Milk is another quiet contributor. Cow’s milk, whether whole, low-fat, or skim, contains roughly 350 to 400 milligrams per cup. Coconut water, often marketed as a hydration drink, can contain 400 to 600 milligrams per cup. Sports drinks vary, but some formulas include added potassium for electrolyte replacement. Check labels before assuming a drink is safe.

Salt Substitutes and Hidden Additives

This is the trap that catches people off guard. Most salt substitutes replace sodium chloride with potassium chloride, which means shaking them onto your food adds potassium directly. The National Kidney Foundation warns that potassium from these products can actually be more harmful than the salt they’re replacing, at least for people with elevated levels. If you’ve been told to cut sodium, use herbs, lemon juice, or vinegar for flavor instead of reaching for a “lite salt” product.

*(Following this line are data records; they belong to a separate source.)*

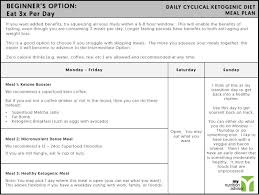 Intermittent fasting allows you to further the fasting period a little longer and helps you see some amazing results in weight loss in quite a short during your fasting time, you are not allowed to consume any food, except for some liquids that contain no calories. Daily Cyclical Ketogenic Diet Keto Diet Plan Overview Guide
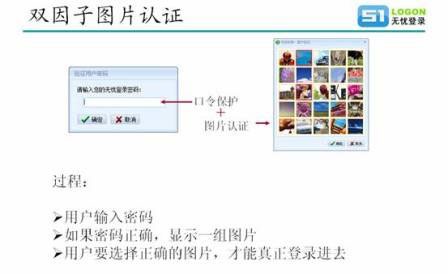 四款密码管理软件评测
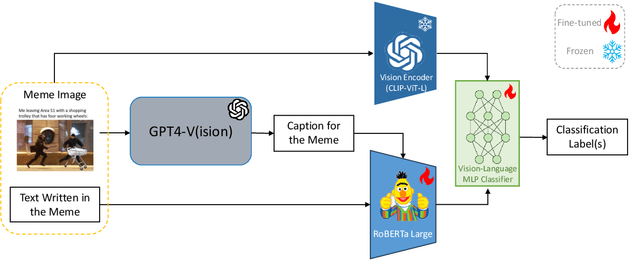 Figure 3 for BCAmirs at SemEval-2024 Task 4: Beyond Words: A Multimodal and Multilingual Exploration of Persuasion in Memes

Processed and packaged foods present a subtler problem. Manufacturers use potassium-containing additives for preservation, emulsification, acidity regulation, and leavening. Potassium lactate and potassium phosphates are common in processed meats, frozen meals, and baked goods. These additives don’t appear on the nutrition facts panel as “potassium” in many countries. Your best defense is reading the ingredient list and looking for any ingredient with “potassium” in its name. Ultra-processed foods tend to carry the heaviest additive load, so cooking from whole ingredients gives you more control.

How to Reduce Potassium in Foods You Love

You don’t have to eliminate every high-potassium vegetable from your life. A technique called leaching can pull a significant amount of potassium out of foods like potatoes, carrots, and beets. Cut the vegetables into small pieces, then soak them in a large volume of water for at least four hours, or overnight. Drain the water, rinse with fresh water, and cook in fresh water again. This process can remove up to three-quarters of the potassium, often bringing these foods into a safe range.

If you’re short on time, boiling cut vegetables for five minutes and discarding the water also removes a meaningful portion of the mineral. The key is that potassium is water-soluble, so it leaches into whatever liquid the food sits in. Roasting or microwaving, by contrast, retains nearly all of it.

Lower-Potassium Swaps

Building meals around lower-potassium produce makes daily planning much easier. For fruits, good options include dragon fruit (140 milligrams per fruit), lychees (162 milligrams per half cup), and berries like blueberries, strawberries, and cranberries. Apples, grapes, and pineapple also fall on the lower end.

For vegetables, jicama delivers just 183 milligrams per cup, chayote about 138 milligrams per half cup, and Chinese broccoli (gai-lan) around 172 milligrams per three-quarter cup cooked. Cactus pads (nopales), cabbage, green beans, and peppers are all reasonable choices. Among greens, iceberg lettuce is much lower in potassium than spinach or Swiss chard.

For protein, eggs and small portions of chicken or fish tend to be more manageable than red meat or beans. White rice, regular pasta, and white bread serve as safe starch bases. And for beverages, apple juice, cranberry juice, and lemonade are far lower in potassium than orange or tomato juice.

Practical Tips for Managing Portions

Even high-potassium foods aren’t necessarily off-limits in small amounts. The total daily number is what matters. If you eat a small banana at breakfast (about 360 milligrams), you can still stay within a 2,000 to 2,500 milligram daily target by choosing lower-potassium foods for the rest of the day.

Keeping a rough running tally helps more than memorizing every food’s exact number. Group foods mentally into “high” (over 300 milligrams per serving), “medium” (150 to 300), and “low” (under 150), and aim to fill most of your plate from the medium and low categories. Canned fruits packed in water or light syrup tend to be lower than fresh, because some potassium leaches into the liquid, which you can drain and discard. Frozen vegetables without sauce are generally comparable to fresh, so check labels rather than assuming they’re safer.